Take the line that contains "Photo of property" and every line below it to the end of the entries, and give them again exactly, leaving out any pictures.
──────── DATA FOR ANALYSIS
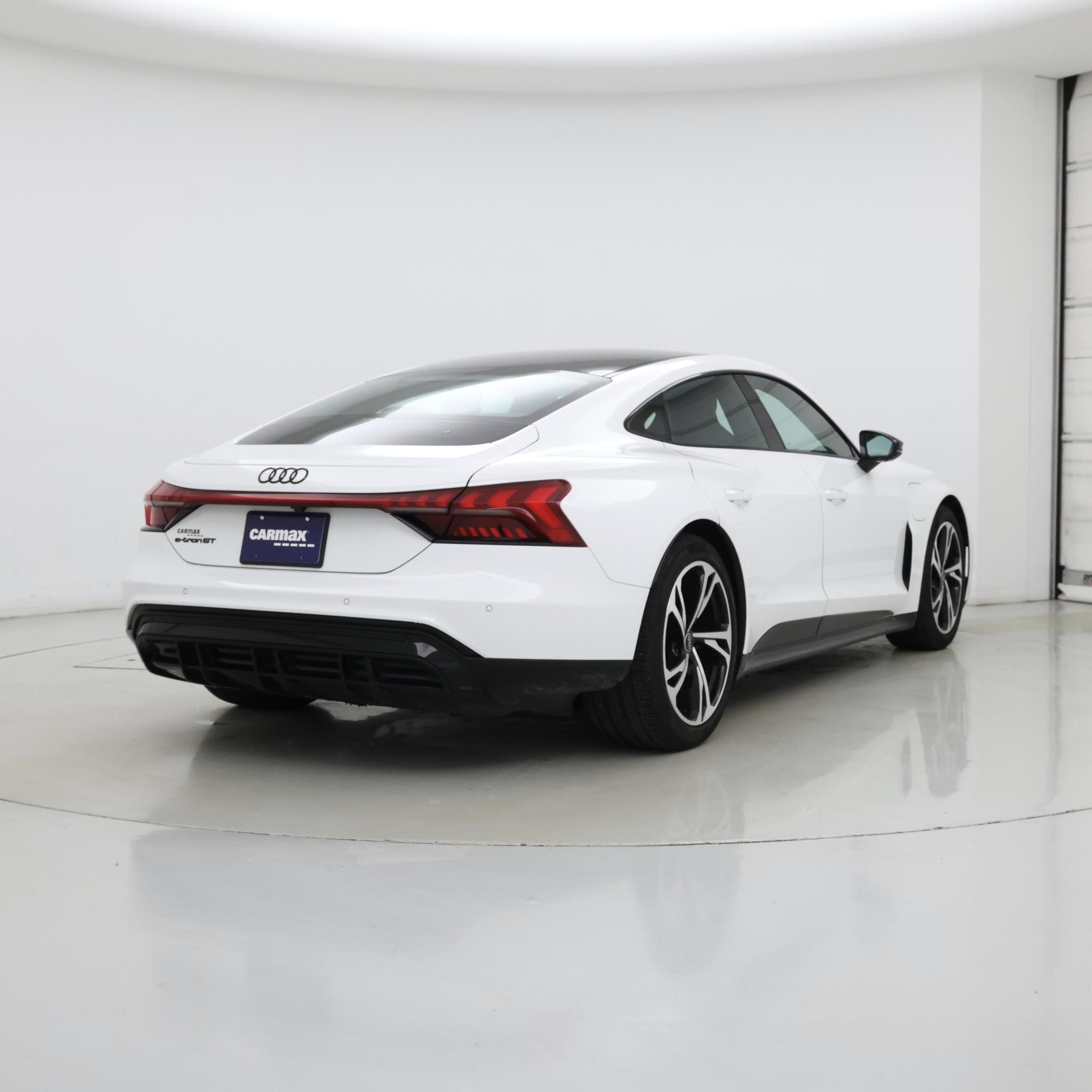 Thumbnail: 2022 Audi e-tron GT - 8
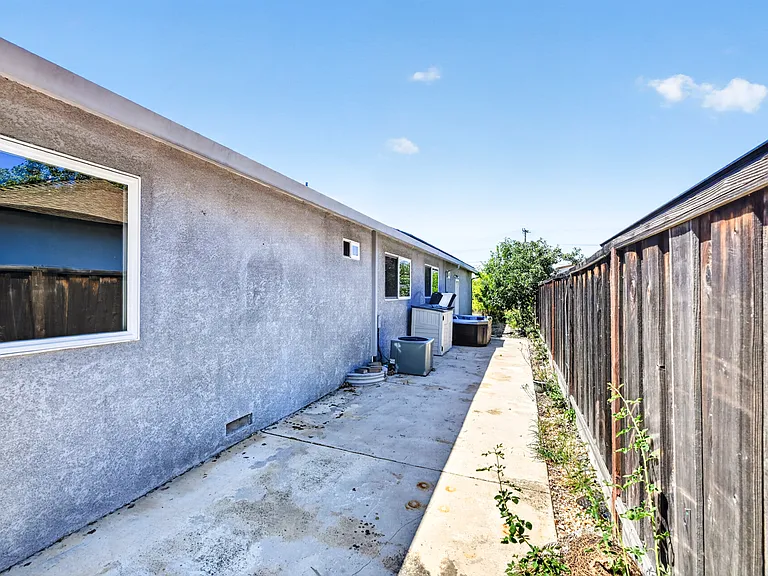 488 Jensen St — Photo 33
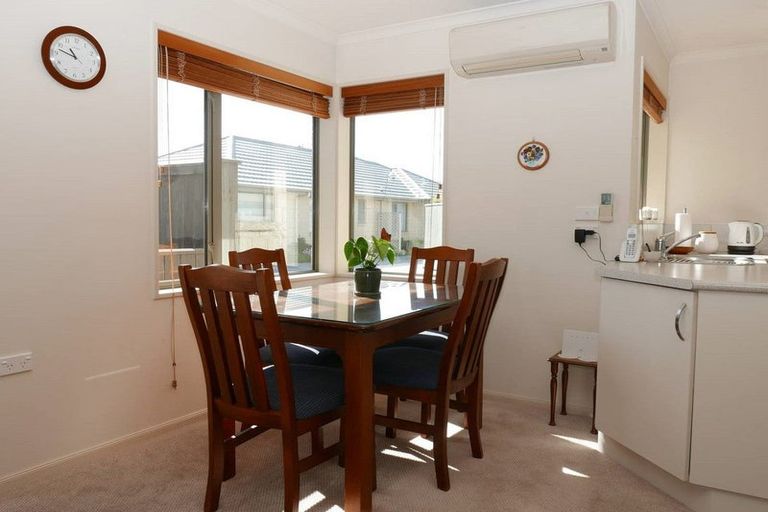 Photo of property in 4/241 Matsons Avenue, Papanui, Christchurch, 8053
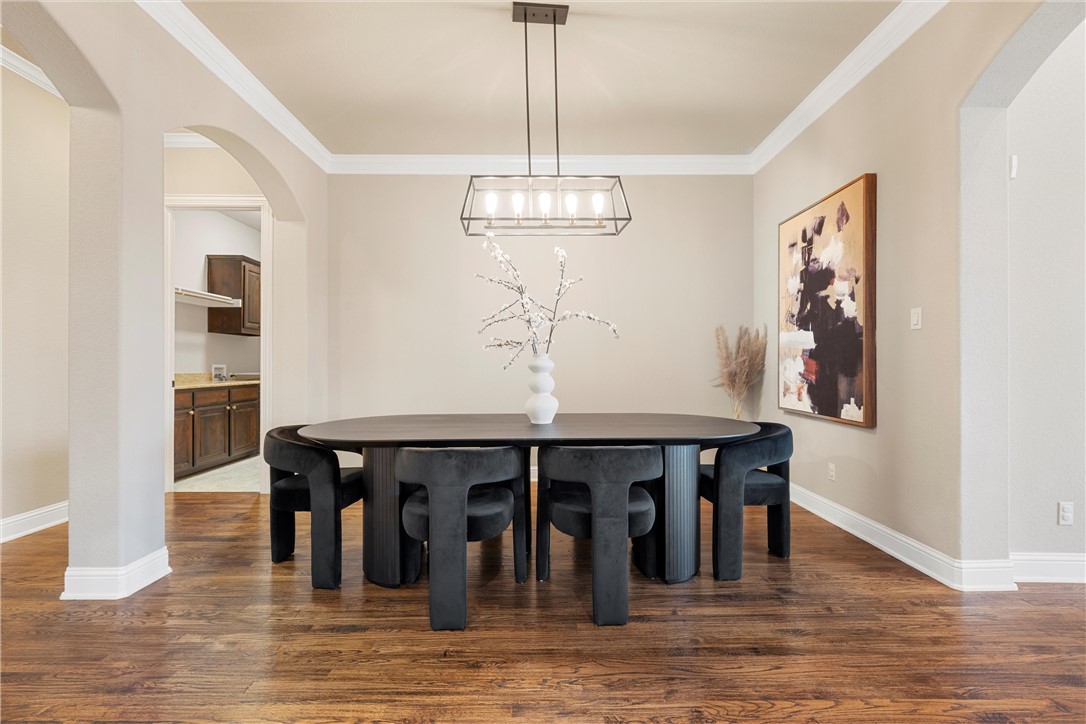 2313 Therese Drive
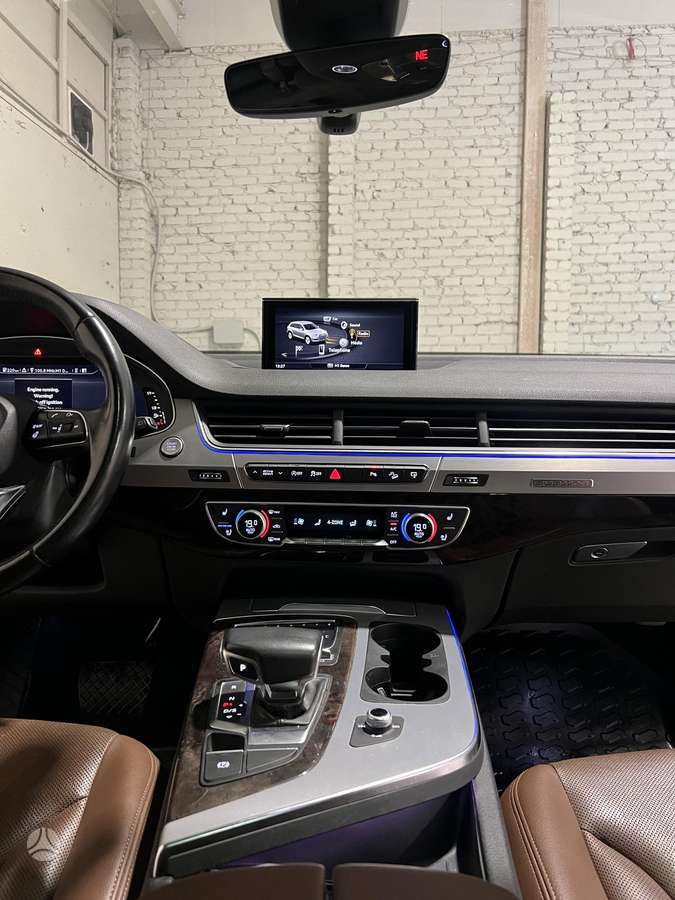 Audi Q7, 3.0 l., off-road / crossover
────────────────
# [PROBLEM SOLUTION]
 Photo of property in 4/241 Matsons Avenue, Papanui, Christchurch, 8053
 2313 Therese Drive
 Audi Q7, 3.0 l., off-road / crossover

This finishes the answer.